# Network almost setup, just a few problems.



## ikreos (Mar 12, 2011)

Hello everyone. Known about FreeBSD for years (still have a copy of 4.1 somewhere). Wanting to migrate from linux because its just getting ridiculous anymore. This will be a bit long winded so I thank you in advance for taking the time to read.

Well after much handbook reading and forum hopping, I almost have my network setup. I have PC-BSD on a secondary drive in my system to test it out before committing to my main drive. My wireless NIC is not directly supported so I had to resort to ndisgen. After much tinkering I got my RTL8185 chipset working. I have however run into a few minor(?) problems. The graphical network manager was no help at all to me, so I had to resort to manually configuring.
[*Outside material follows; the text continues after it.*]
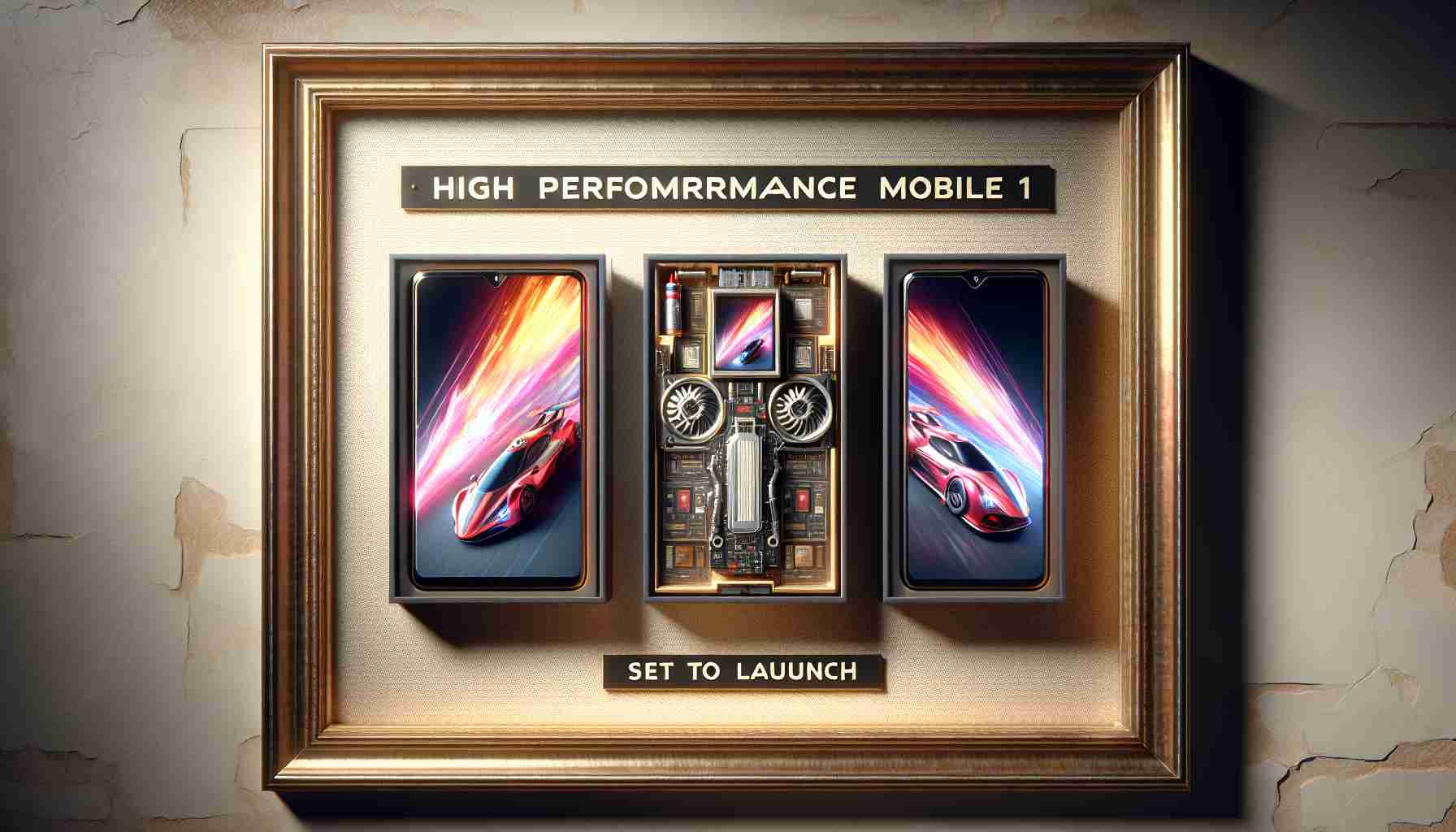 The Next Frontier in Mobile Performance: Poco F6 and Realme GT 6T Set to Launch in India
My lan is setup with an ADSL router/modem with a wireless router connected to it. Routing is turned off on the wireless router, it is only an access point for the router/modem. The router/modem is set up to allow 5 clients to connect via DHCP but I have setup all machines on the lan to have static IPs. The router/modem has the DNS IPs (OpenDNS) configured into it so it becomes my nameserver on my lan.

modem/router ip:    192.168.2.1
wireless router ip: 192.168.2.50

1) System is set up to load ndis, if_ndis, and rtl8185 modules during boot. They do load as kldstat shows but the interfaces do not appear. Manually unloading and loading the rtl8185 module creates and initializes the device.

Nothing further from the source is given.